Niederschwelliges Angebot bringt Vorteile für Betroffene und Kanton
Der Zürcher Justizvollzug hat die Frau auf die gemeinnützige Arbeit aufmerksam gemacht. Beantragen müssen die Verurteilten diese selbst. Das sei insbesondere für Personen am Rande der Gesellschaft nicht immer einfach, heisst es beim Kanton.
Es ist kostengünstiger als der Vollzug in einer Institution.
Neu betreibt der Kanton die bereits bestehende Bussenanlaufstelle selbst. Zuvor hat dies eine Stiftung im Auftrag des Kantons gemacht. Zudem soll das niederschwellige Angebot ausgebaut werden: «Das Ziel ist, dass die Betroffenen in die Beratung kommen und gleich am selben oder am nächsten Tag anfangen können», sagt Désirée Weber-Renz, die den Bussen-Infopoint leitet.
Es sei eine sinnhafte Tätigkeit und für Betroffene eine Chance, wieder Tritt zu fassen. Weber-Renz sieht nicht nur Vorteile für die Verurteilten, sondern auch für den Kanton: «Wir können Gefängnisse entlasten und es ist kostengünstiger als ein Vollzug in einer Institution.»
Ein Allheilmittel sei die gemeinnützige Arbeit aber nicht, es gebe immer wieder Personen, die trotzdem nicht aus dem tieferen Kreis der Delinquenz herausfänden.
Experte: Potenzial nicht ausgeschöpft
Als sinnvoll beurteilt die gemeinnützige Arbeit auch der Strafvollzugsexperte Benjamin Brägger.
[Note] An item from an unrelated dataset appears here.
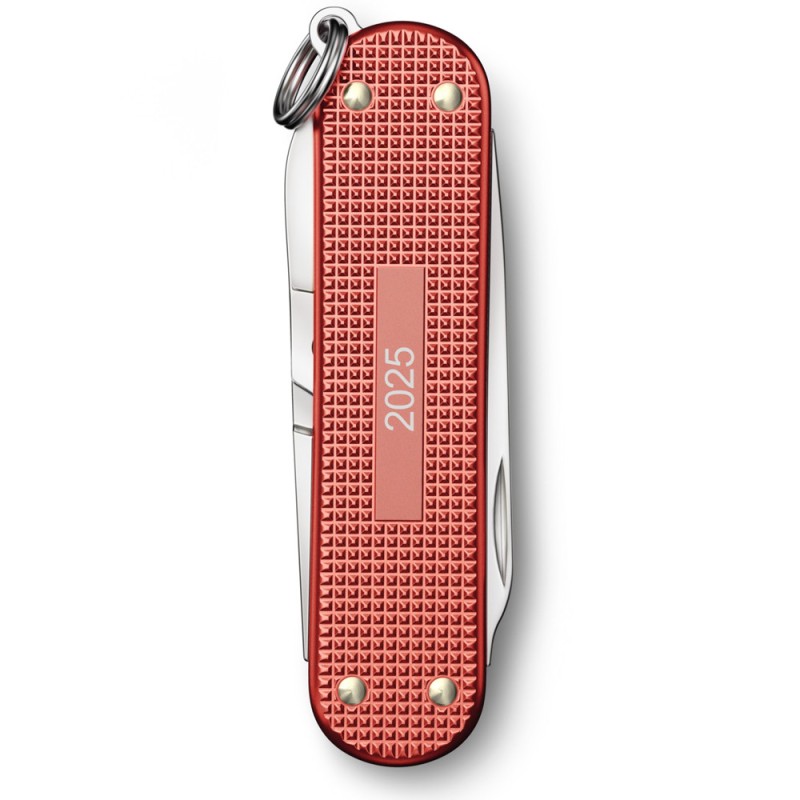 Швейцарский складной нож 58 мм Victorinox CLASSIC SD 0.6221.L25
Er befasst sich seit 30 Jahren mit dieser Vollzugsform. «Es ist keine passive Strafe wie ein Gefängnisaufenthalt, sondern man muss etwas wiedergutmachen für die Gesellschaft.»
Das volle Potenzial der gemeinnützigen Arbeit wird seiner Einschätzung nach aber nicht ausgeschöpft. Er sieht vor allem zwei Einschränkungen:
Zu viele Personen würden wegen nicht bezahlter Bussen ins Gefängnis kommen. 53 Prozent aller Inhaftierungen im Jahr 2023 erfolgten laut Bundesamt für Statistik aus diesem Grund und belasten die Gefängnisse. Die gemeinnützige Arbeit könnte für Entlastung sorgen.
Das Problem: Sei die Ersatzfreiheitsstrafe einmal angeordnet, könne man gemeinnützige Arbeit nicht mehr beantragen. «Es wäre gut, diese Bestimmung aus dem Gesetz zu nehmen», sagt Brägger.
Zudem müssten die Kantone mehr Ressourcen zur Verfügung stellen. «Man muss die Leute vorladen, mit ihnen ein Gespräch führen.» Den Kanton Zürich nennt er als positives Beispiel. Die Menschen, die ihre Bussen nicht zahlen würden, hätten kein Geld, seien teils am Rande der Gesellschaft oder hätten Drogenprobleme. «Es braucht Begleitung, damit die gemeinnützige Arbeit funktioniert.»